でも、その前日12月7日に、マレーに上陸する陸軍部隊を輸送する艦艇の上空護衛の戦闘機が、偶然通りがかった米哨戒機を有無も言わさず撃墜しています。これが日米間の最初の一発、だったのではないかと思います。
で、米軍機を撃墜したのは陸軍の
97式戦闘機・・・あれ、有名な「隼」じゃなかったの?
ということで長い前置きの末(笑)ご紹介するのが今回の機体、日本陸軍の精鋭、キ43戦闘機中島「隼1型」です。(ちなみに主力となった2型については
以前の記事をご参照下さいませ。)
決定的な航空力の強さを見せつけた海軍とは裏腹に、陸軍は航空兵力の近代化が遅れていました。広大な太平洋を舞台とする海軍は航空機の航続距離が最重要課題だったため、零戦への機種変換がほぼ完了していたのですが、一方戦術空軍的な陸軍戦闘機は格闘戦性能が至上とされ、従来の97式戦闘機がまだ主力でした。

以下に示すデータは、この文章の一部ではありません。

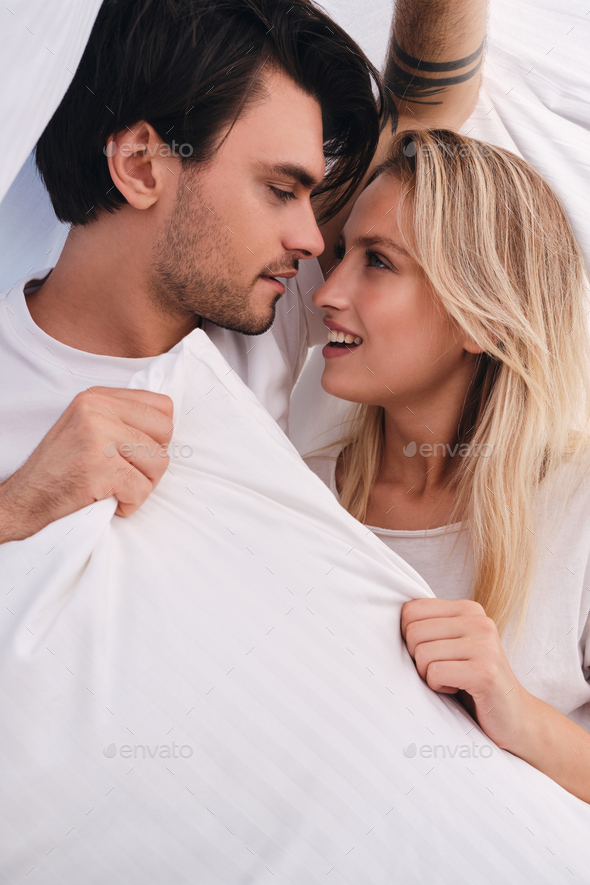 Young man and beautiful blond woman looking at each other with pillow in hands lying under blanket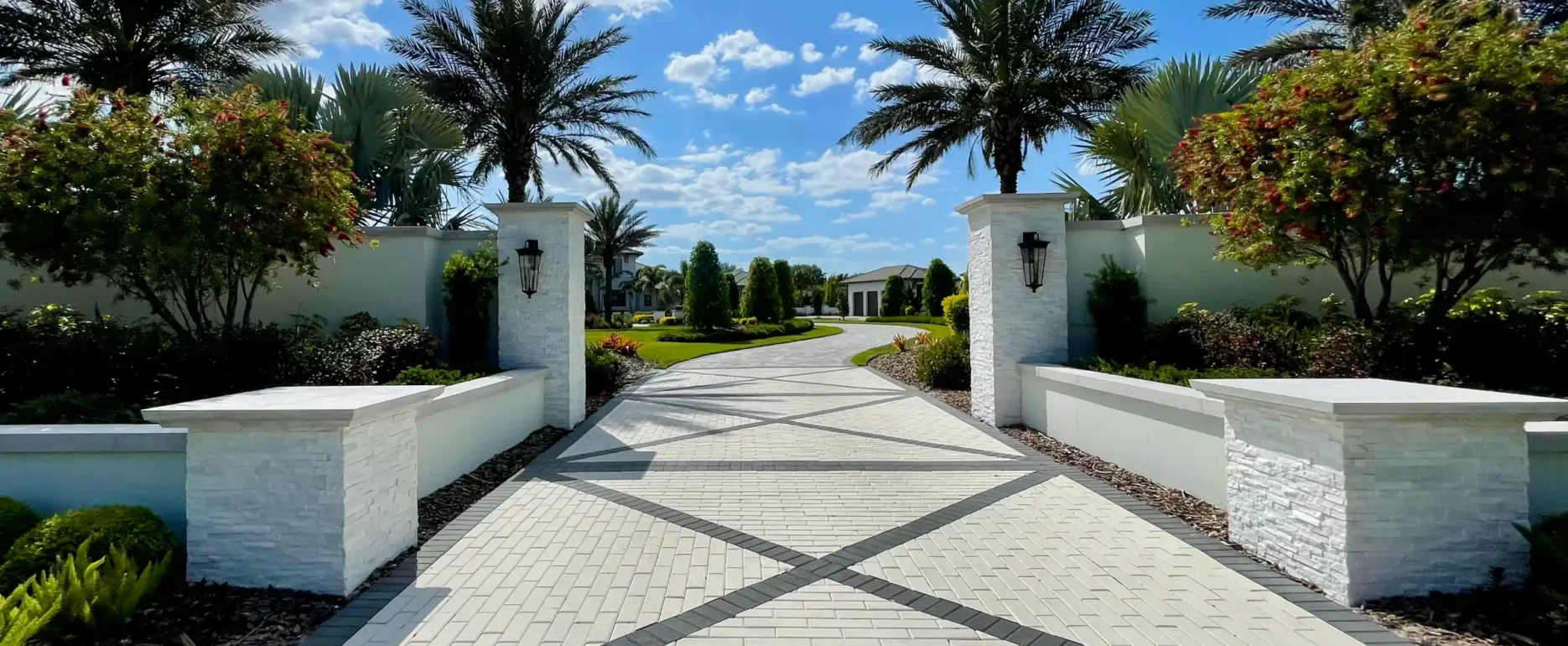 Luxury gated entrance with geometric paver driveway, white stone pillars, and palm-lined landscape design in St Petersburg, FL residential community.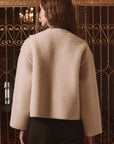 Woodside Toggle Coat by The Great Inc. in a relaxed style, shown near ornate gold gates with hair down.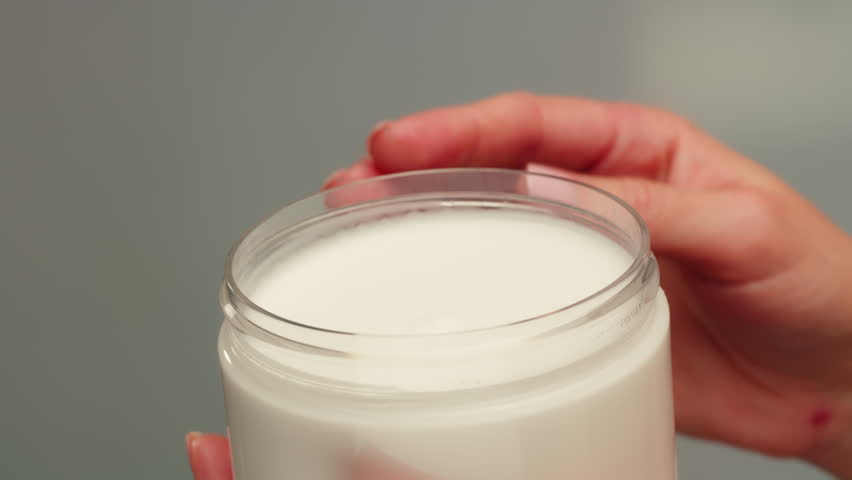 Woman apply cream for hands skin, Close-up of hands with exfoliating cream, demonstrating effective skin care, soft cream foam.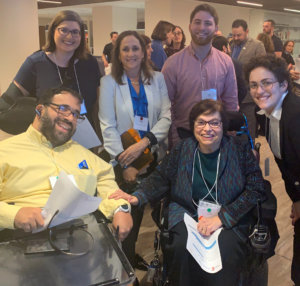 A group of individuals with disabilities, two seated in wheelchairs, smiling for the camera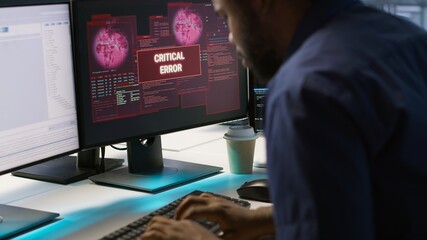 Programmer seeing red critical error popup on computer display in data center, panicking. African...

「隼」はそのため開発から2年ほどほぼ放置されていたそうです。開戦時にはたった40機ほどしか配備されていなかったそうですが、今回の機体は1941年夏に中国の漢口飛行場に配備されていた機体です。1型はまだプロペラが2枚、迷彩塗装もなくジュラルミンの肌そのままに派手な稲妻マーキングが描かれています。(
ギャラリーもどうぞ)
第一次大戦では戦闘機はむしろその存在を誇示することで、敵軍の攻撃意欲をくじく、という考えがありました。この隼1型を見ているとそんな大らかな時代の雰囲気が少し残っているような気がします。すでに泥沼にはまっていた日中戦争ですが、この美しく精悍な金属の光沢をもつ最新式の戦闘機に対する日本軍兵士の期待はさぞ大きかった事でしょう。